The journalist kept quiet. He didn’t tell the driver that FM Gold no longer played music. Presumably because he couldn’t drive his car for a few months because of the coronavirus lockdown, the driver had missed his favourite radio station’s transformation into a 24-hour news channel. And the journalist he was driving had played a role in it.

FM Gold became a news station on March 25, the same day India went into lockdown. As a consequence, 80 casual employees lost their jobs almost overnight. The rationale provided by AIR for this drastic move was that in a pandemic people needed information more than they did entertainment.

The actual motivation wasn’t as mundane, however. There are multiple threads linking FM Gold’s sudden transformation to the spat between Prasar Bharati, the state broadcaster, and the news agency Press Trust of India; the formation of the Prasar Bharati News Service last year; and the Narendra Modi government’s excessive love for publicity.

From entertainment to news

FM Gold was launched on Independence Day in 2001 as AIR’s infotainment channel. It would play music from the rich archives of AIR and run programmes featuring people from the worlds of film and music, peppered by short news bulletins. To begin with, news consumed around 30 percent of the broadcast time and entertainment shows the rest. In quick time, FM Gold became popular with the people.

Not so much with the officialdom, which sought to put fetters on the channel.

First, they changed the channel’s broadcast frequency. Then, they altered its very character.

FM Gold began on 106.4 MHz frequency. For FM channels, their broadcast frequency is their brand. Yet, in March 2018, FM Gold was robbed of its 106.4 MHz frequency. AIR announced on WhatsApp, and subsequently on Twitter and Facebook, that FM Gold Delhi would move to 100.1 MHz from April 9. Thus was a popular channel suddenly robbed of its identity without any explanation to the public.

Still, its dedicated casual employees and the rich archives of AIR ensured that FM Gold was always ahead of the competition. So much so that many private FM channels emulated its formula of running “superhit” songs and interviews of filmstars old and new.

Then, FM Gold was handed over to AIR news division.
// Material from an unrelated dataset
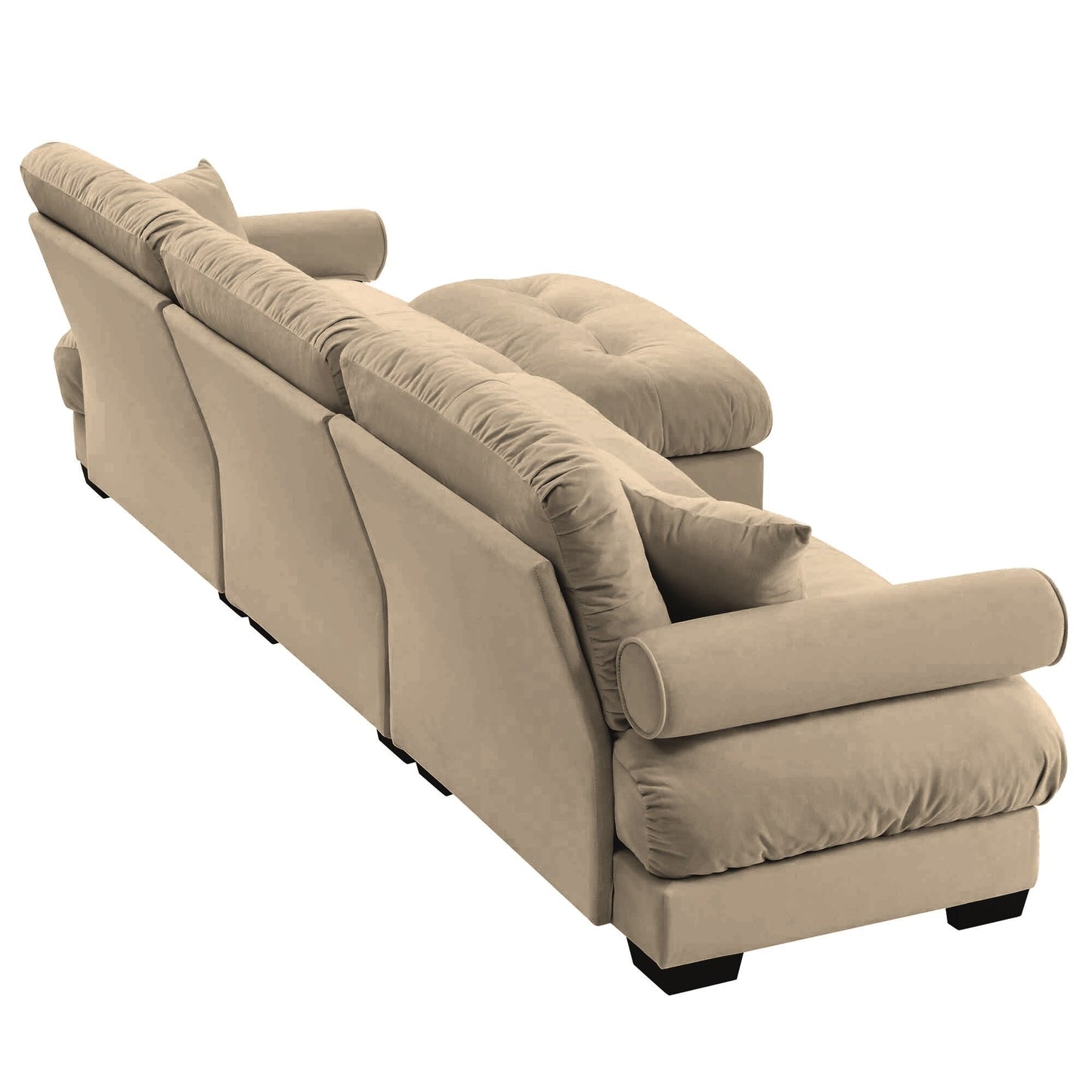 Canapé modulaire sectionnel en velours, siège profond, canapé nuage en forme de L avec pouf et accoudoirs renforcés pour le salon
Now it airs news bulletins all day long, as also Modi’s speeches, government ads and repeated programmes. Running Modi’s old speeches and repeating programmes became necessary after the firing of the 80 employees brought the production operations to a near halt.

The dearth of good content isn’t the only problem, however. The news broadcasts on FM Gold are heavily skewed towards Modi’s government and party. This was quite clear, to take one example, in the half-hour bulletin aired at 8 pm on July 30. The news reader provided information about the coronavirus situation in Kerala, emphasising that the infection was spreading rapidly. In the previous 24 hours, two people had succumbed to the virus, taking the death toll 70.

The news reader then turned to Gujarat and declared that Chief Minister Vijay Rupani, under Modi’s guidance, had successfully handled the pandemic, but didn’t provide any numbers for the state. That day, 24 people had died of Covid in Gujarat and the total number of infections had risen to 2,396.

If that wasn’t bizarre enough, the news bulletin ran a statement by Rupani admonishing the Kerala government for “mishandling” the pandemic.

This is precisely what the channel is meant to be, a propaganda tool for the party in power, said P R Natrajan, a CPM member of the parliamentary committee on information and broadcasting. “FM Gold has been turned into a propaganda channel,” he added. “Narendra Modi’s thinking is apparent. He is known for publicity and propaganda. That’s the rationale for turning FM Gold into a news channel.”

Has his committee discussed FM Gold’s transformation and the sacking of its 80 employees? He replied, “I cannot tell you what was discussed in the committee but our sympathies are with FM Gold employees.”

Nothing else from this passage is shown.